Issue 38.1 of Bombay Gin is featuring companion pieces from writers as a publishing expression of threshold; our theme.

Interviews, creative work, prints, lectures, essays, and more will be lining the pages as contiguous points of entry.  I, in turn, thought it would be fun to play hostess on this blog and pose questions between the writers that will be read between our lovely Bombay Gin pages.

Invitation: You—right now—theme is threshold, read accordingly, BYOB—welcome…

Vanessa Place & Colin Frazer: if Helvetica is the font of the mass message—the public space—what is the font of anonymous publication: what does anonymous look like in serifs and scripts?

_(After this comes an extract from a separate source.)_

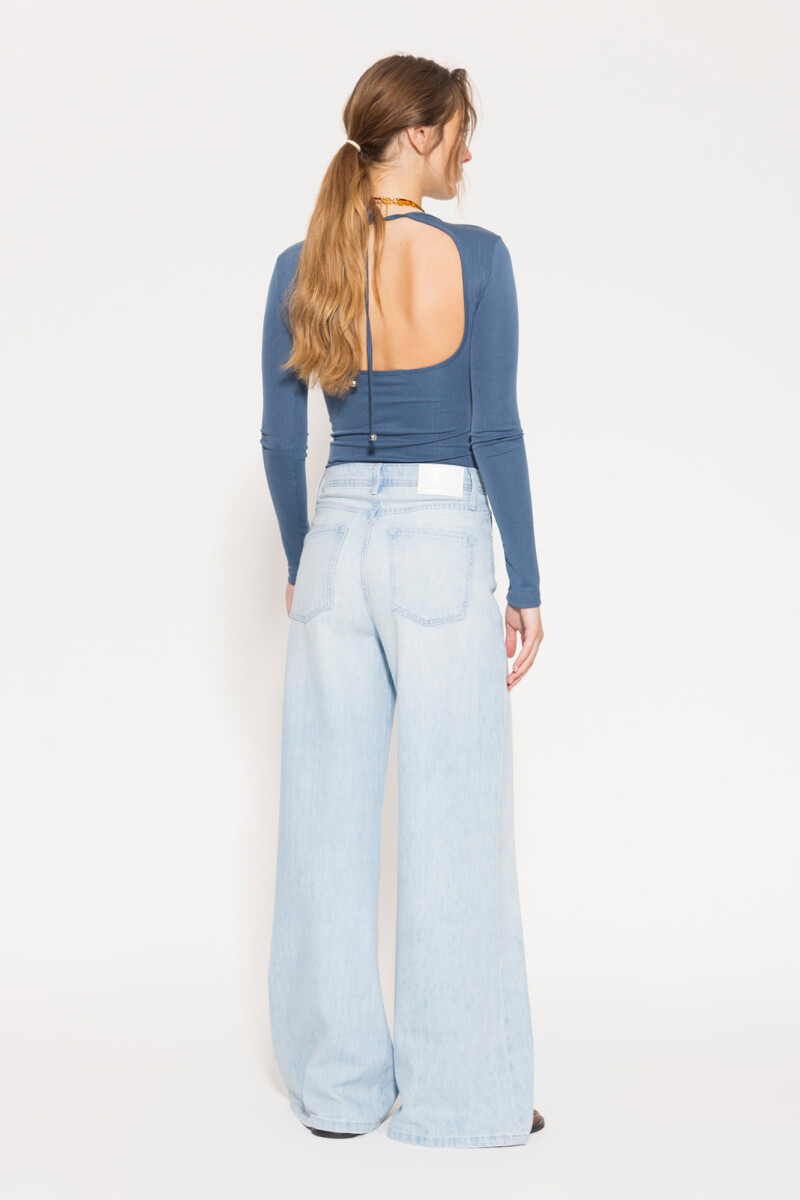 JEANS ROSES SKY Celeste
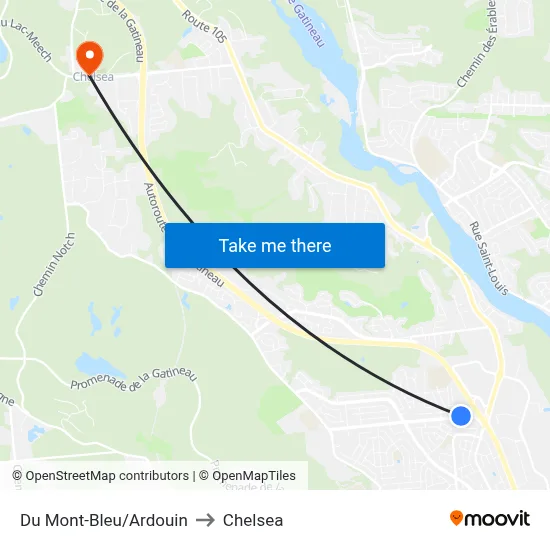 Du Mont-Bleu/Ardouin to Chelsea map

Lily Hoang & Vanessa Place: pronouns as possession, permission, and binary—how do you flip your pronouns in writing without installing another duality?  In Evolutionary Revolution our values, our history, is rewritten—or perhaps, first written in this turn—Vanessa as publisher and Lily as writer, is this a template for discourse remediation in the world?  What thresholds are crossed in breaking glass, water, word, and light?

Lily Hoang & Thurston Moore: you say you want a revolution: in what compositional units would you measure writing’s evolution: notes, words, scales, breaths, shes, sentences, frets, paragraphs, lines, breaks, codas, space, story, chapter, track, kindle, disc, paper, room?  What thresholds do you cross when entering the page?

Bhanu Kapil & Thurston Moore: what is the sound of schizophrene?

Bhanu Kapil & Kirsten Kaschock: if you could build an architecture together what would it move like?  Where would you bury it and how would it grow?  If “sleight” is a western “purity” and palmistry and eastern divinity what would happen if your characters held hands—an architecture of.

Thank you all for coming and have a lovely day 😉

Kristen

*Revolution–the Beatles

**Actually, I deeply love and respect Roland Barthes and I don’t want him to go anywhere: a man who writes about jouissance just lends his spirit to play.